Read-only transactions trivially serialize with one another. Do they serialize with respect to transfer transactions? The answer is yes: since every read-only transaction sees only committed data in a Snapshot Isolation system, and commits no data itself, it must appear to take place atomically at some time between other transactions.

So the set of all transfer and read transactions must serialize. This gives us two important invariants:

  1. Since each transfer conserves money, the total amount of money in the system remains constant.
  2. Since read transactions serialize and read every balance, every read should see the same total.

With invariant 2, we can write a function to verify that every read sees the correct total balance. Then we generate a mix of randomized transfer and read operations, and apply them to our Galera cluster.

Results

At low levels of concurrency–say five clients, performing about one op per second, things are fine.

{:valid? true,
 :perf ...
 :bank {:valid? true, :bad-reads []}}

But increase the probability of conflicting transactions by running, say, 20 clients pushing an aggregate ~150 transactions/sec for about a minute, and things go terribly, terribly wrong.

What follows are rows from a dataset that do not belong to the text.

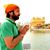 Jatinder Singh Saron's profile image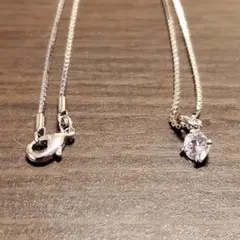 Item thumbnail for item 6596e463-6716-4a44-bf78-37347e132c80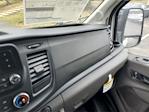 2025 Ford Transit 250 Medium Roof RWD Empty Cargo Van for sale #259013 - photo 36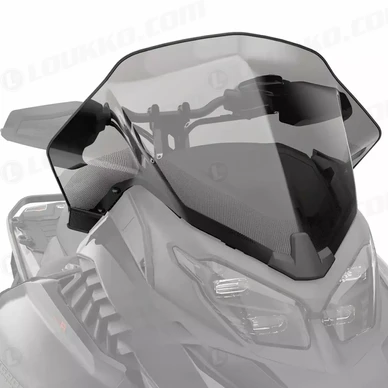 tuulilasisport39cmradien2 31201 28c4e848c9e6 2 kuva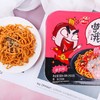 曹操饿了番茄味即食拌面249.5g 商品缩略图1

INFO  jepsen.core - Analysis invalid! (ノಥ益ಥ)ノ ┻━┻

{:valid? false,
 :perf ...
 :bank
 {:valid? false,
  :bad-reads
  [{:type :wrong-total,
    :expected 20,
    :found 18,
    :op {:value [6 12], :time 1717930325, :process 15, :type :ok, :f :read}}
   {:type :wrong-total,
    :expected 20,
    :found 16,
    :op {:value [2 14], :time 3253699251, :process 13, :type :ok, :f :read}}
   {:type :wrong-total,
    :expected 20,
    :found 17,
    :op {:value [8 9], :time 5110345929, :process 17, :type :ok, :f :read}}
   ...

Every transaction should have seen a total balance of 20–but instead we read different values, like 18, 16, or 17. This means our read transactions don’t see a consistent snapshot of the database. They actually see intermediate results from transfer transactions.

These inconsistent reads aren’t just limited to read-only transactions–transfers can see them too. Here’s an excerpt from the query log, showing a transfer transaction which saw an inconsistent snapshot of the world.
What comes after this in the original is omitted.